The GhIH made the call through a communique signed by the President, Prof. Abdul-Halim Abubakar and the Secretary Dr. Mohammed Mujitaba Dawuda after their 23rd Annual General Meeting and Scientific Conference held in Kumasi of the Ashanti Region.
The conference dubbed 'Sustainable Crop Production and Food Security through Regenerative Horticulture' brought together stakeholders from the industry, academicians, researchers, and students among others to grace the occasion.
Emphasizing the necessity for regenerative and sustainable agricultural practices to ensure food security, "we call on the Government to collaborate with stakeholders and local authorities to curb the activities that contribute to environmental degradation, such as land destruction, deforestation, and pollution of our water bodies, they said.
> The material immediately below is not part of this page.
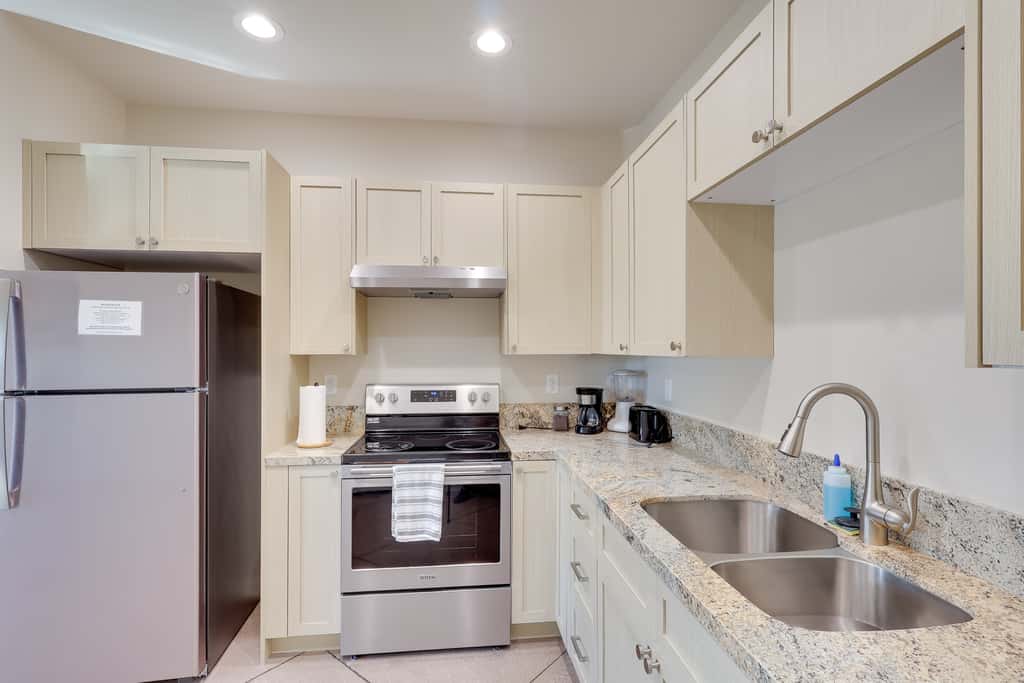 Golf, Hike & Boat! Bright Lake Havasu City Apt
"While acknowledging Government efforts like the Planting for Food and Jobs (PFJ) and the One Village One Dam policies, the increase in financial support to the horticulture industry to take advantage of these policies for enhanced food security and job creation through demand-driven research and training of extension staff for farmers engaged in the cultivation of horticultural crops," they said.
The GhIH advocates for strengthened inspection and monitoring of agro-chemicals, especially pesticides, by institutions like the Environmental Protection Agency (EPA), Food and Drugs Authority (FDA), and the Ghana Standard Authority (GSA) to curb the incidence of food poisoning and safeguard the health of citizens.
They said, the neglect of urban green spaces, city road medians, and overall town and city landscapes critical for environmental health could hamper development and therefore called on both the Government and private entities to invest in the proper maintenance of the spaces for beautification and enhanced environmental health in the country.
"We appeal to Government, as a matter of urgency, consider having members of GhIH on the Advisory Boards of MoFA, EPA, FDA, GSA to support the ministry and agencies in matters related to the production, post-harvest handling, and safety standards for horticultural produce intended for both local and international markets."
The GhIH also expressed readiness to support the government's efforts in implementing the Planting for Food and Jobs phase 2 programme, especially in increasing horticultural crop production for items like tomatoes and onions.